We later had to go into Cooper proper, giving me a chance to espy an old friend in the process. We ended up looking for a Multi in a cemetery (shocker, right?). We found the redirector, I plugged in the numbers, and they led behind the cemetery. We drove around back to find that ground zero was in the middle of a construction project on a ranch entrance. I tried to figure out why that math wasn’t mathing and discovered it was because I didn’t actually do the math. Our redirector numbers involved a small equation I had missed. Once I did the correct math, the actual GZ was inside the cemetery.

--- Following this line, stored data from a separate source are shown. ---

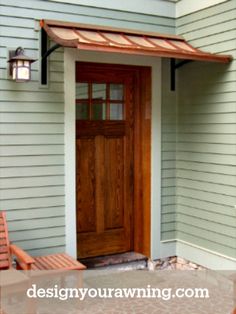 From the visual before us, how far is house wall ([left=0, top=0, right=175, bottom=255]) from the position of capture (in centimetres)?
441

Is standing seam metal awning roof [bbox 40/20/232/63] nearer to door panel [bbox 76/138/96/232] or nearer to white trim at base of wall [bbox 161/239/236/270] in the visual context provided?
door panel [bbox 76/138/96/232]

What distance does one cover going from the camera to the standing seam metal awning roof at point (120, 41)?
4082mm

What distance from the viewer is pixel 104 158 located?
5.27 m

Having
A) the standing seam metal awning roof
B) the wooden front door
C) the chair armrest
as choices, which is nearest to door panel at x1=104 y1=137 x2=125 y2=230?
the wooden front door

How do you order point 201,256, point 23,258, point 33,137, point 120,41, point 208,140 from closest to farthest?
point 23,258 < point 120,41 < point 33,137 < point 208,140 < point 201,256

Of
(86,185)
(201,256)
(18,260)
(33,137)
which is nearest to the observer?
(18,260)

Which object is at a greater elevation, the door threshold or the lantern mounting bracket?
the lantern mounting bracket

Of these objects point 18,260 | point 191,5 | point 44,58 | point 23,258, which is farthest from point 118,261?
point 191,5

I am the reason we can’t find caches.

Our final county of the day was Red River County. I didn’t want to go all the way to Clarksville, so we cut the closest point, which also contained a Multi and a Traditional in (you guessed it) cemeteries. The first one was a bit of a surprise for a couple of reasons. The Multi required seeing a redirector to choose an answer from a list of options, each correlating to a set of possible coordinates. The correct choice was the one that seemed on its face to be the joke option. But the real surprise came when a couple of people parked to visit something in the cemetery. What are the odds of that in the middle of nowhere? We had a cover story in place already (we visit old cemeteries when we pass through places), so we started heading back to the car, intending to slip over to GZ if possible or retreat and hit another location if not. But the unexpected visitors gave us no scrutiny, simply a wave and a hello. We returned the greetings, managed to get the cache without further issue, and then get down the road to a final cache, wrapped in UCP tape and, therefore, easy to find1. And with that, our adventure was done. Five counties were added to the tally (once my daughter got home and logged them on her computer), and I had picked up a cache that got me to the halfway point on my oldest extant challenge. The only somewhat easy counties left in Northeast Texas are the ones beyond Tyler. Soon, we may have to start looking at two-day trips to Houston/Beaumont or Abilene. But not before we start doing some of South Texas.

1It is rare for you to hear me say that the Marines are better than the Army at much of anything, but MARPAT is far superior.